[[ DATA LISTING, beginning ]]
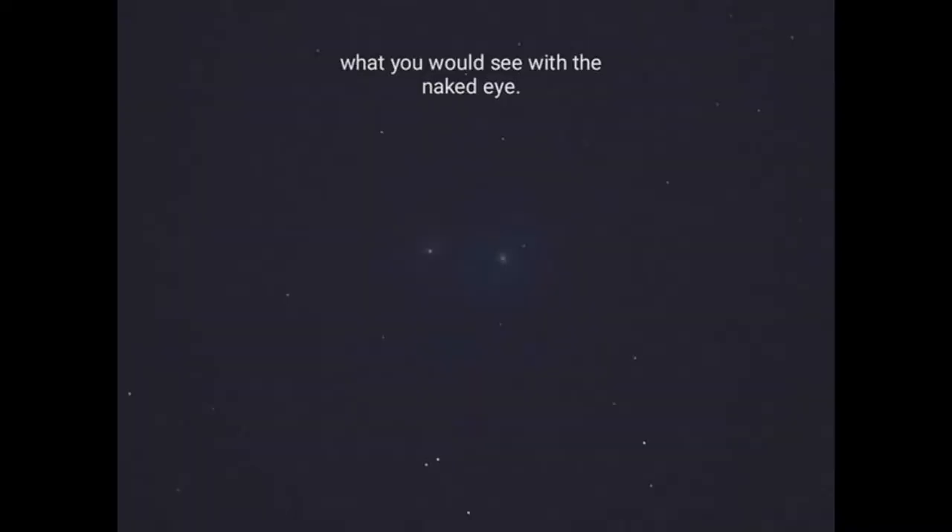Right now you're going to see the picture I took of M51 — it's a single image, a single 20-second exposure at ISO 1600. And then I'm going to show you the finished product after it's been processed in Photoshop.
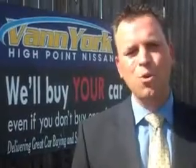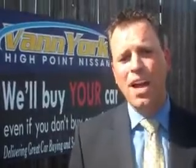See us at Van York's High Point Nissan today. Come by and work with our Internet department or see me personally, Trey Powell. At Van York's High Point Nissan, we want to earn your business.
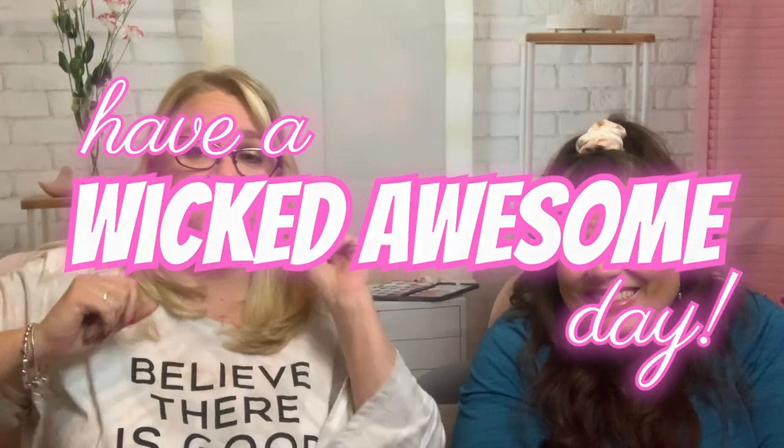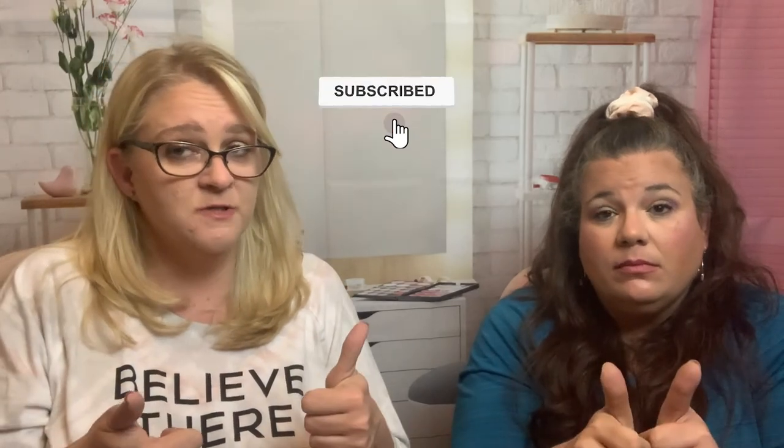Thanks guys, have a wicked awesome day! If there are any active giveaways they will be listed below. If you haven't yet, make sure you hit that subscribe button, turn on the notification bell, and give it a thumbs up — because we would give you a thumbs up if we could. Peace!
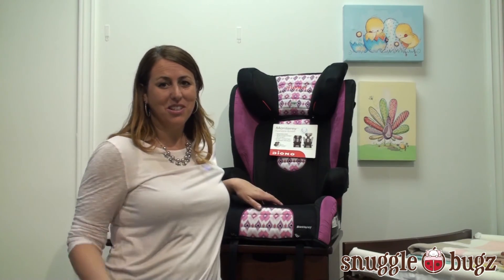So all in all, I absolutely love the Diono car seat, excited to have it back, and I think you will too.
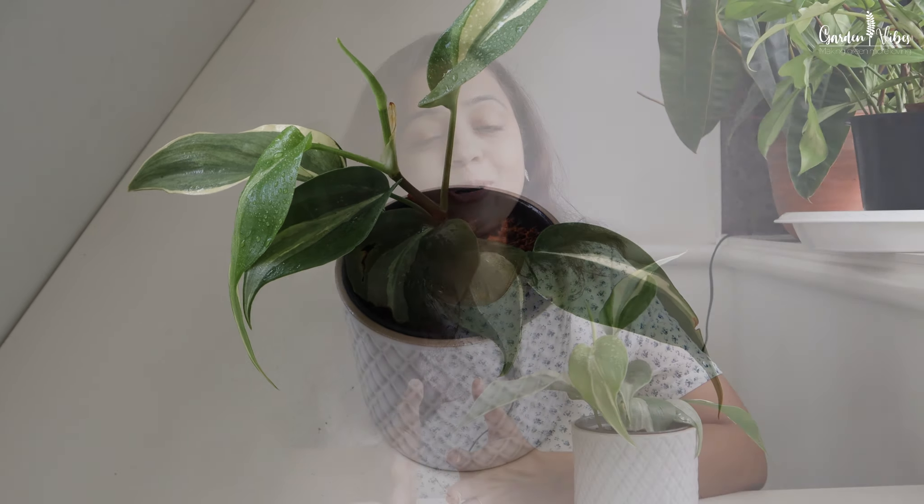Have you ever wondered what the name philodendron means? It comes from Greek — philo means love and dendron means tree, so philodendron means tree-loving or tree-hugging. These plants thrive in dappled light and often grow near trees, which is how they got their lovely name.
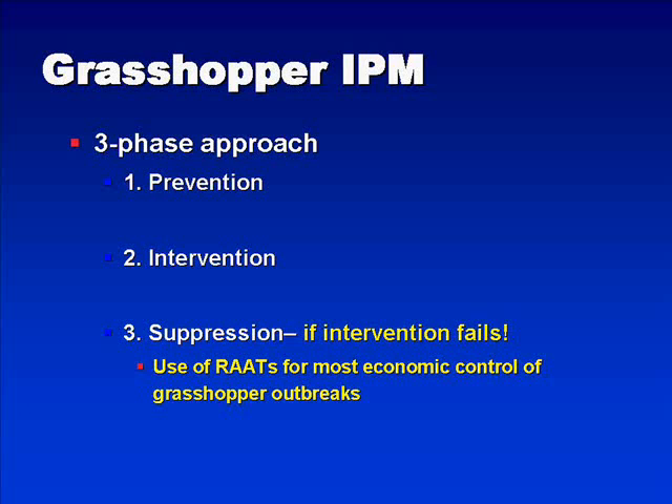The third phase of this approach is suppression, and this occurs if intervention fails. If suppression is necessary, it can be utilized on a fairly wide scale. The use of the RATS program — the reduced agent and area treatment program — is probably the most economical method for trying to control grasshopper outbreaks under these situations.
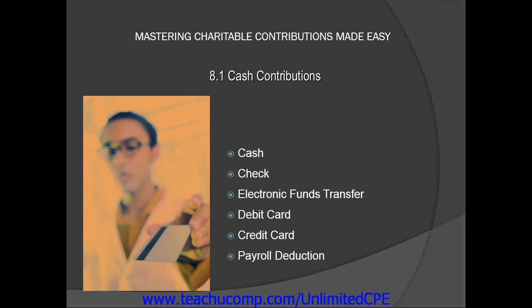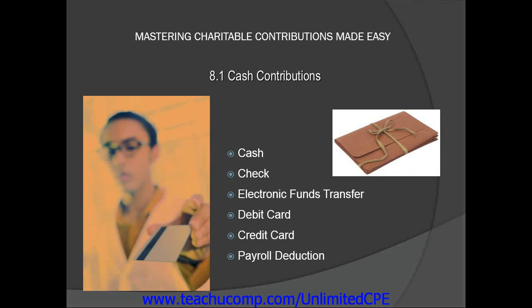In order to claim any cash contribution, one of the following types of acceptable proof must be kept: a bank record that shows the qualifying organization's name as well as the date and amount of the contribution, or a receipt or other written communication from the qualified organization showing the date and amount of the contribution.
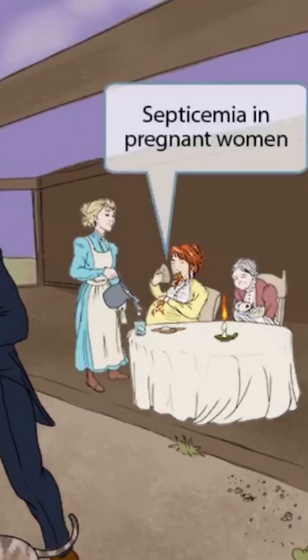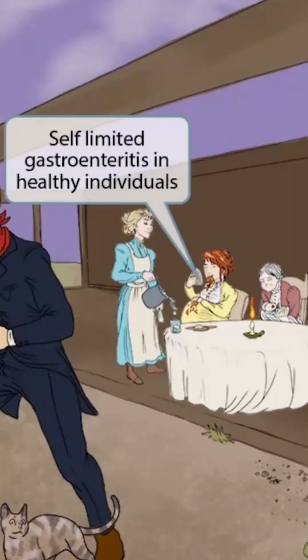Now let's focus on the pregnant woman. Notice that she appears pretty sick — she's vomiting and fanning herself. She kind of looks septic. This septic appearance of the pregnant woman should help you remember that listeria can cause septicemia in pregnant women. She's also vomiting, and the vomit should help you remember that listeria can cause a self-limited gastroenteritis in healthy individuals.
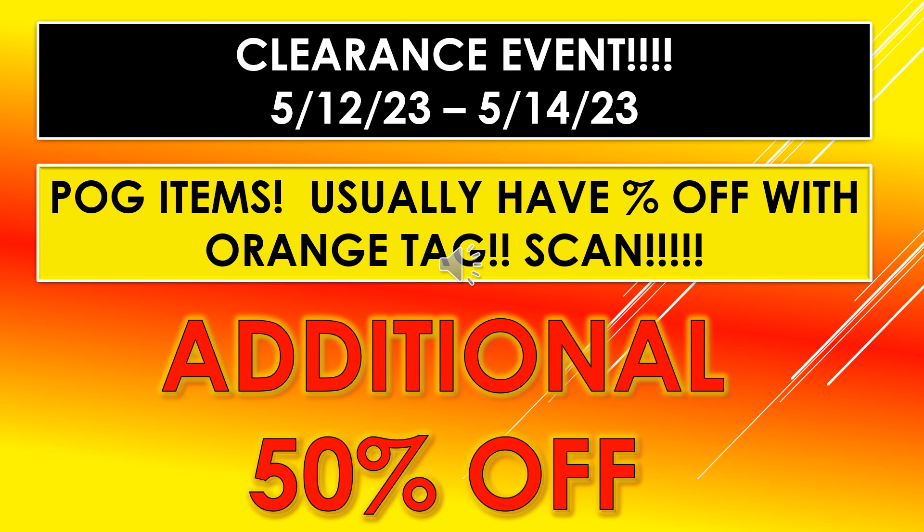The POG items normally have the percentage off with an orange tag, so you want to scan those. It should be an additional 50% off.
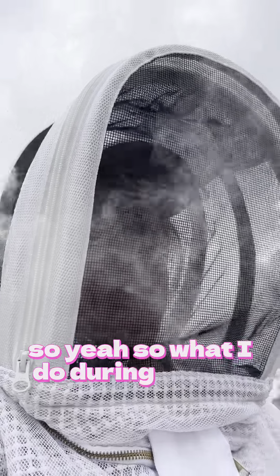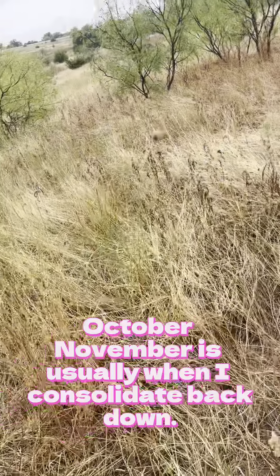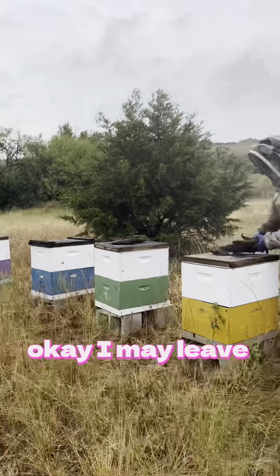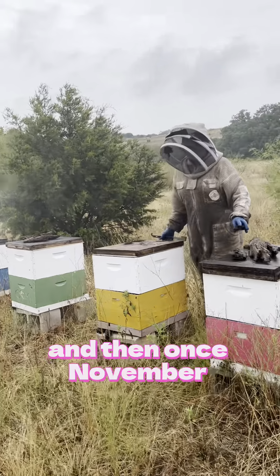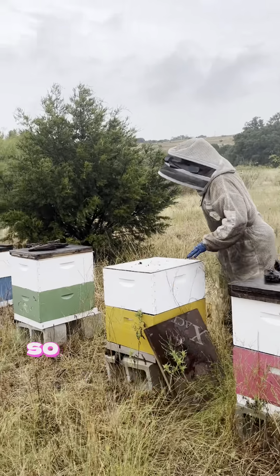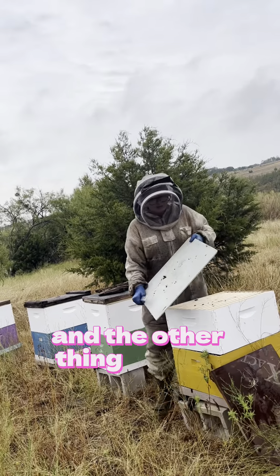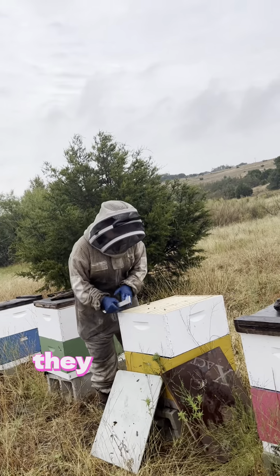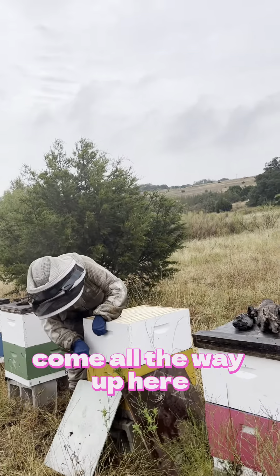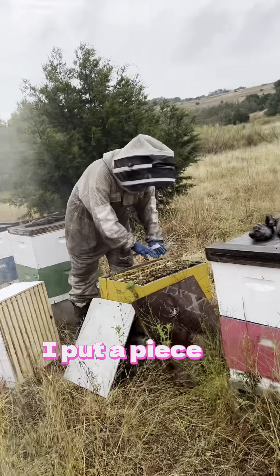Around October and November is usually when I start consolidating stuff down. I may leave boxes on through October, then once November comes I minimize down and start mouse-guard feeding. The bees won't actually take liquid feed in the winter, and if the honey is too far away they can't get to it — they won't break their cluster of heat to come all the way up. So what I do is put a piece of newspaper right here.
[[ DATA LISTING, end ]]
§ TASK OBJECTIVE
In the records above, find the line with "The third phase" and the line with "In order to"; please transcribe exactly those two lines and all lines between them, omitting any picture.

§ TASK OUTPUT
The third phase of this approach is suppression, and this occurs if intervention fails. If suppression is necessary, it can be utilized on a fairly wide scale. The use of the RATS program — the reduced agent and area treatment program — is probably the most economical method for trying to control grasshopper outbreaks under these situations.
In order to claim any cash contribution, one of the following types of acceptable proof must be kept: a bank record that shows the qualifying organization's name as well as the date and amount of the contribution, or a receipt or other written communication from the qualified organization showing the date and amount of the contribution.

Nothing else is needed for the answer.